# south hill virginia/JHK Dam area riding suggestions



## liv2ridehard (Jan 19, 2008)

i am going to be working at the JHK Dam for 2 weeks and I am bringing my ususal travel mate...my Bianchi. Any good roads in the area for late afternoon spins? I will have Sunday off and would be willing to drive for some decent climbing...thanks for any info!


----------



## mf9point8 (Jul 17, 2006)

My wife's family lives 20 minutes from South Hill. Over the years I have put together some pretty good loops. Here is one of my favorites. I was just down there last weekend.

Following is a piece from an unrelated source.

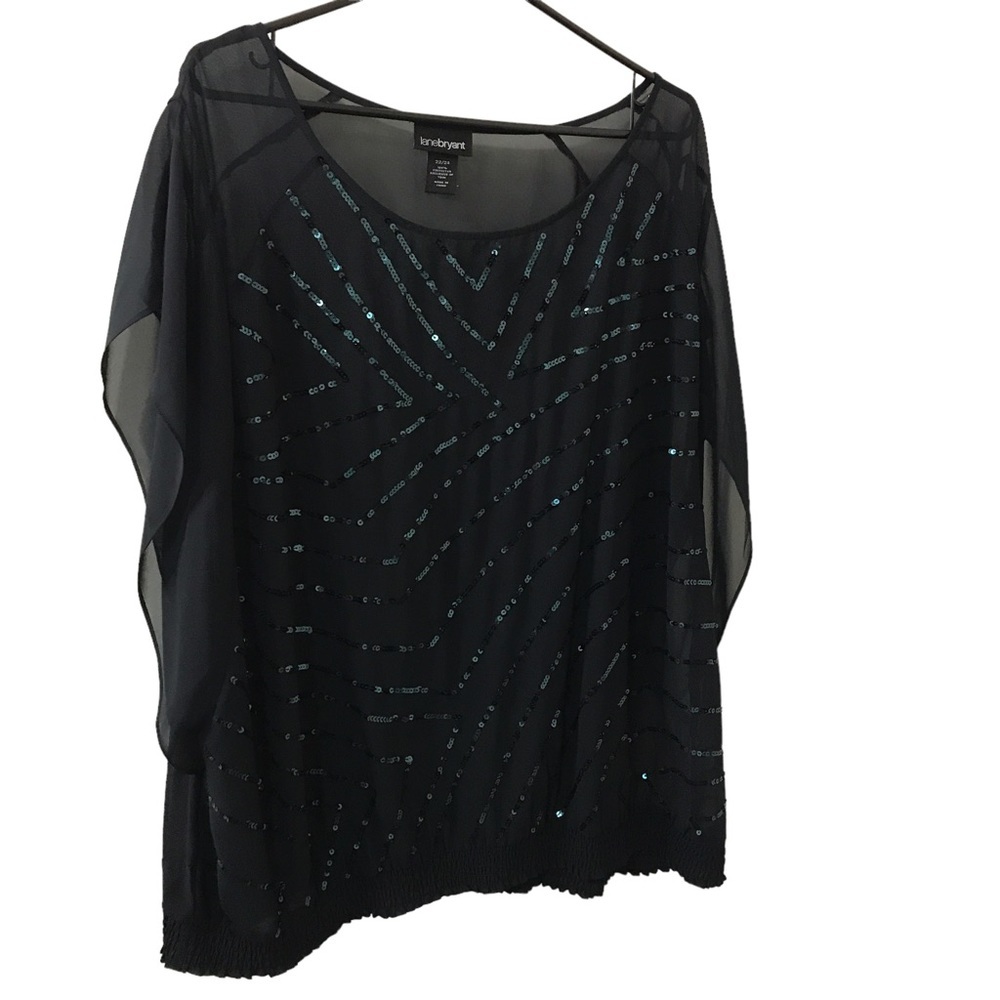 Lane Bryant Black Sequin Sheer Overlay Blouse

http://www.mapmyride.com/ride/united-states/va/ebony/725916958

Advice for riding down there: Keeping in mind I dont know where you are from, 
Dogs: they are fast and not tied. I have had to sprint past 30 mph to evade.
Hills: There are none and the nearest worthy climbs are hours away. The loop I provided has some rollers on RT 1 though. 
Wind: this time of year there is a lot. 
There are plenty of dirt roads scattered around if you are into that, and plenty of low traffic back roads.


----------



## liv2ridehard (Jan 19, 2008)

thanks man! great advice. i hope to get a long ride in on Sunday...if i am not working. i am a flatlander (from florida) so the rollers will be like mountains for me! thanks again man!


----------



## dingster1 (Jul 2, 2006)

Oh my goodness! Somebody else from my hometown!!


----------